鉄筋コンクリート造の建物は、コンクリート内部の鉄筋によって強度を保っています。しかし、経年劣化によりひび割れから水分が入り込み、鉄筋が錆びて膨張すると、周囲のコンクリートが押し出され、剥がれ落ちる「爆裂(ばくれつ)」が起こることがあります。このまま放置すると、コンクリートの剥落、雨水の浸入による漏水、•構造耐力の低下といったリスクにつながります。爆裂欠損補修工法は、このようなリスクを防ぐために行う補修方法です。

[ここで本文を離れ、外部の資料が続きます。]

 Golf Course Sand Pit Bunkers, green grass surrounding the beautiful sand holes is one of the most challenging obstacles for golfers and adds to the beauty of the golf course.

欠損した部分のコンクリートと鉄筋の錆を取り除き、防錆処理をした後にモルタル等で補修します。
爆裂欠損補修工法の適正箇所
特に人や車両の通行、機械設備の稼働がある施設では、早期の点検・補修対応が重要です。
【主な適正箇所】
- 外壁・柱・梁などの鉄筋コンクリート構造部 風雨・日射・振動などの影響で劣化が進行しやすく、落下物による事故の危険性があります。
- 屋上スラブ・バルコニー・庇(ひさし)などの水平面・突き出し部 雨水や温度変化により爆裂・欠損が発生しやすく、剥落時の落下範囲が広がる恐れがあります。
- 開口部まわり(窓・扉・シャッター周囲)ひび割れや漏水の起点となりやすく、放置すると構造的な脆弱性につながる箇所です。
- 出隅・端部・梁下など構造的負荷のかかる箇所 剥離・爆裂が進行しやすく、床面や通行人への落下リスクが高まります。
- 階段・通路・高架連絡橋・エントランス周辺 人の往来が多く、万一の剥落が重大事故につながる可能性があります。
- 床面・機械基礎・ピットまわり(特に工場・プラント) 油・水・熱・振動の影響を受けやすく、稼働機器や作業者の安全を脅かす要因となります。
- 地下構造・受水槽・排水処理設備まわり 湿気や地下水により鉄筋腐食が見えない部分で進行しやすく、表面化した時には広範囲に劣化が及んでいるケースもあります。
これらの部位でひび割れ・浮き・欠損などの症状が見られた場合は、早期に調査・補修を行うことで、事故や大規模修繕を未然に防ぐことができます。定期点検と適切なメンテナンスにより、施設の安全性・耐久性を長期的に確保しましょう。